Los perfumes

Autor: Adolfo Carreto 

 

 

     ¡Quién lo iba a sospechar! ¡Cómo sospechar que esos perfumes tan costosos para el buen ver, para el buen oler, para la buena puesta en la escena social, para el buen comentario, para tantas cosas, iban a ser tan destructivamente mortales! ¡Quién iba a sospechar que la publicidad tan aparentemente inofensiva, tan enfundada, envasada en esa belleza que habla de placer, que incita al placer, que se saborea en el placer por medio del conducto del olor, iba a ser tan nefasta!.

     Quien más, quien menos, todos hemos echado alguna vez manos de estas marcas: Boss, ArmanI, Jean Paul Gaultier, y tantas otras, para que nos dijeran que estábamos perfumados con lo caro, con lo de élite, con lo de página del corazón, con lo de garantía. Todos, quien más, quien menos, hemos presumido de confortablemente olorosos enmascarados en estos perfumes que, si eran ofensivos, lo eran para la ofensiva de la aceptación. Inclusive, todos, quien más, quien menos, y según nuestras posibilidades, hemos tenido el orgullo publicitario de regalar algunos de estos perfumes, pues nunca se equivoca uno en el regalo. Y mire usted por donde, ha tenido que venir este suicida jamaiquino, este tal Jermaine Linday, este degollador de Londres, para hacernos saber de qué calibre de destrucción y muerte colectiva son estas marcas.

     ¿A qué marca tendremos que oler de ahora en adelante? ¿Con qué perfume nos deleitaremos? ¿Con cuál desearemos que nos deleiten?. Hasta los perfumes parecen haber mudado de esencia con esto del terrorismo Al Qaeda. Y si los perfumes, que eran para todo lo contrario, es decir, para la pasión del acercamiento y del buen entendimiento,  se han convertido en tan destructivos ¿de qué podremos fiarnos?

     Esta peste del terrorismo nos ha sumido en la más terrible de las incertidumbres: la de la desconfianza. La desconfianza del lugar en el que estamos, la desconfianza del trasporte que elegimos, la desconfianza del buenazo con el que nos topamos, la desconfianza ante el profesional de corbata, del profesor condescendiente, del hombre o de la mujer de buen ver: la desconfianza del tiempo, del día, del año, de la conmemoración, de la reunión, del desfile; la desconfianza de andar a pie, de caminar por lugar público, de encerrarte en una discoteca; la desconfianza en la manifestación, en el templo, en la mezquita, en el cuartel, en la patrulla. La desconfianza en todo lo que se nos antoje que, por el camino que vamos en esto del terrorismo, pareciera que la fantasía se agota.

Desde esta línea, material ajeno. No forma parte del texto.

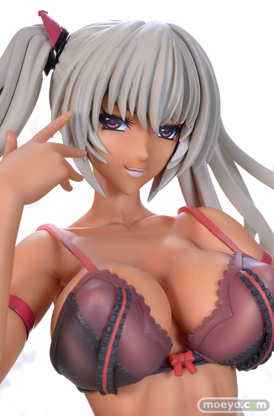 Q-sixの監獄戦艦3　キラ・クシャナの新作フィギュア彩色サンプル画像14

     Podíamos sospechar de muchas cosas, pero de perfumes, jamás. Y menos de estos de marca. Porque, si fueran falsificados, hasta cabe; alguna explicación habría que encontrar para maldecir a las falsificaciones. Pero no, de marca publicitada, de dinero contante y sonante, de prestigio, de aceptación.

     Me ha lastimado mucho esta noticia. Un muchacho, de diecinueve años, que podía utilizar estos perfumes para esas exigencias que los diecinueve años publicita la publicidad, pues no. Nos ha enseñado a todos que ya no estamos a salvo ni siquiera de la apariencia, del buen ver. ¡Qué cosas está enseñándonos esta locura del moderno terrorismo que hasta a las fragancias más exquisitas las convierte en olor a podrido!.